Wie sehr hat sich das Land denn verändert seit 1989 mit Blick auf politische Freiheit und die Toleranz von politisch Andersdenkenden?

Den chinesischen Parteiführern muss man großen Respekt zollen für die Bemühung um Entwicklung und Nationenbildung seit 1989. Und es könnte sogar sein, dass der Erfolg beim Bau von Infrastruktur, bei der Generierung von Wohlstand oder der Bildung einer beachtlichen Mittelklasse erst ermöglicht wurde durch die Art autokratischer Führung, die seit 1989 vorherrscht. Wenn es jedoch um politische Freiheit geht, dann läuft China seit zwei Jahrzehnten im Rückwärtsgang.

In Hong Kong erinnern Menschen am 04.06.2013 an die Opfer des Tiananmen-Massakers (Foto: Lam Yik Fei/Getty Images)

Gedenken erlaubt: In Hong Kong erinnern Menschen an die Opfer des Tiananmen-Massakers

Welches sind die Lehren von Tiananmen für die Partei und für die Gesellschaft?
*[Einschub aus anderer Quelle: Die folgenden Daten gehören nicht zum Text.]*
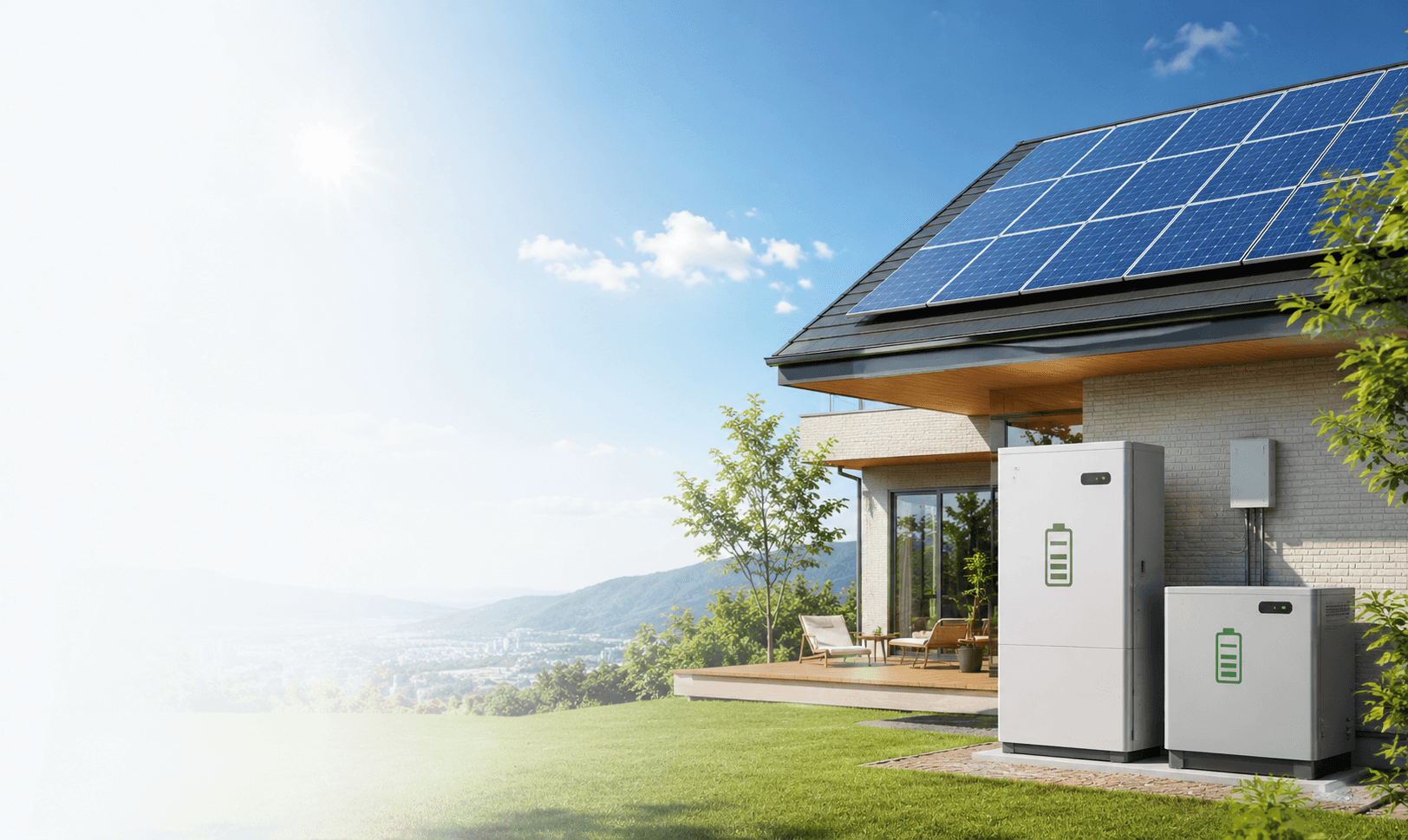 Casa com painéis solares no telhado e baterias de armazenamento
Ich denke, die wichtigste Lektion für die Partei war: Sobald Führer "den Leuten" erlauben, zu glauben, dass politische Reform auf der Agenda steht, wollen sie auch, dass diese umgesetzt wird. Und: Sobald Führer gestatten, dass das Volk sich bewegt, vor allem in Form von Demonstrationen, ist es kaum noch zu stoppen.
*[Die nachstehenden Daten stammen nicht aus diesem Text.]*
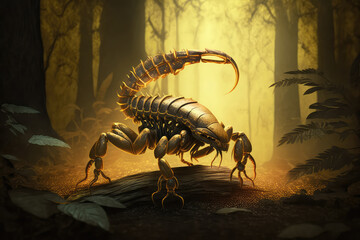 illustration painting of scorpion monster in the forest, digital art style. (ai generated)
Die negativen Lehren von 1989 sind sehr stark: Wenn du keine Probleme möchtest, versuche dich nicht an politischen Reformen. Halte die Spur und konzentriere dich auf ökonomische Reformen. Tatsächlich war und ist das mehr oder weniger das Mantra der politischen Elite von Sun Yat-sen bis Xi Jinping, dass politische Reform die wirtschaftliche Reform sehr leicht gefährden kann.

Die KP Chinas hat aber eines nicht gelernt, nämlich mit dem Problem eines jeden ancien regime umzugehen: Wie kann es einerseits genügend Flexibilität und evolutionären Wandel zulassen, um zu überleben, während es andererseits potentiell bedrohliche Strömungen mit harter Hand unterdrückt.

Der China-Experte Orville Schell war Augenzeuge der Ereignisse auf dem Tiananmen-Platz im Juni 1989. Aktuell ist er Arthur Ross Director des Center on US-China Relations bei der Asia Society in New York.

Das Interview führte Gabriel Dominguez.